His reasoning for leaving shouldn’t be questioned, especially when it comes to his family, but deciding to leave only three years in makes one wonder just how serious he was in asking voters to send him to Washington, D.C. The fact that he shelled out millions of dollars to get there in the first place and then decided to change course is maybe the most baffling part of this. Your average 10th District resident would never be in that scenario and maybe that’s what is so striking. It’s reminiscent of a wealthy person shelling out big dollars for a certain hobby that they quickly lose interest in, not batting an eye at the minor hit to their pocketbook. For reference, the average household income for someone in Mitchell’s district is about $81,000.

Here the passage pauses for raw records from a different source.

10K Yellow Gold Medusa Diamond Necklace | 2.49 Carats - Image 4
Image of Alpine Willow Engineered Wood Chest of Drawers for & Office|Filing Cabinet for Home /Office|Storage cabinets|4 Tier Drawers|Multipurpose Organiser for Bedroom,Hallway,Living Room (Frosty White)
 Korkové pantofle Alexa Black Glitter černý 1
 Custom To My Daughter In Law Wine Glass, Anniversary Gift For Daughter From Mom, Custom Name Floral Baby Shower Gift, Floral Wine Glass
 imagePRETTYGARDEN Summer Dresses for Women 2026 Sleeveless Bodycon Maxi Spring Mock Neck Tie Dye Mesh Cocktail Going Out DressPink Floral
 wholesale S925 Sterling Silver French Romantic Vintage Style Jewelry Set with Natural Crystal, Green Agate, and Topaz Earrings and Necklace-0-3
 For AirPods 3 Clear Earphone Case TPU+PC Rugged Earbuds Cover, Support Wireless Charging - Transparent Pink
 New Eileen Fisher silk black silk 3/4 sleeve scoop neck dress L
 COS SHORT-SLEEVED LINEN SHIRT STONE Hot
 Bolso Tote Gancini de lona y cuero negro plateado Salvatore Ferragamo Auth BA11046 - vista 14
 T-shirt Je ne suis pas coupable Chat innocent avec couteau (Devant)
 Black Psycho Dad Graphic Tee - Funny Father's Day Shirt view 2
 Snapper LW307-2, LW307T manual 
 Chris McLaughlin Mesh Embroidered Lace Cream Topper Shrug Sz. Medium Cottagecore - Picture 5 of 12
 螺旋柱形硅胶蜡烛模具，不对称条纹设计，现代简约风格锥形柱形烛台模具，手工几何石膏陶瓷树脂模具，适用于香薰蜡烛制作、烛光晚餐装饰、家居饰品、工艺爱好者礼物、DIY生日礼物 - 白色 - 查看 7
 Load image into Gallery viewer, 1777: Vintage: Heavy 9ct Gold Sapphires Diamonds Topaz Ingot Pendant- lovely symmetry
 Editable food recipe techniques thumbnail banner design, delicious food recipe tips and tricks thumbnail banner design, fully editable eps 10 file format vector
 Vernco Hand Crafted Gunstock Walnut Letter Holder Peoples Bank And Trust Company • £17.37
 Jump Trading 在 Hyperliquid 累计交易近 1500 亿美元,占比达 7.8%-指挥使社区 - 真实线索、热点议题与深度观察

In his 2.5 years in office, Mitchell has worked on important causes. He introduced a bill that would require more transparency in the realm of college costs and student outcomes and Mitchell fought to keep federal funding for the Great Lakes Restoration Initiative. Unfortunately, he hasn’t opted to interact with residents on a regular basis, foregoing the typical town hall type meetings that most members of Congress host even if they aren’t necessarily “pleasant.”
It will be interesting to see how the next 19 months play out for Mitchell. Although he claimed the current political climate in the Capitol is one reason he wants to leave, it’s possible he has a unique opportunity to affect change in that arena. With seemingly “nothing left to lose,” Mitchell should call out fellow officials who go too far in their rhetoric, including those in his own party. Additionally, he could lead by example and use a more diplomatic tone in his official statements rather than the now common “us vs. them” mantra.
In his campaign literature from 2018, Mitchell touted himself as someone “who understands what it means to stand up to the establishment” and believed in the value of “say what you mean and do what you say.” His campaign days may be over but there’s still plenty of time to fulfill those promises to constituents.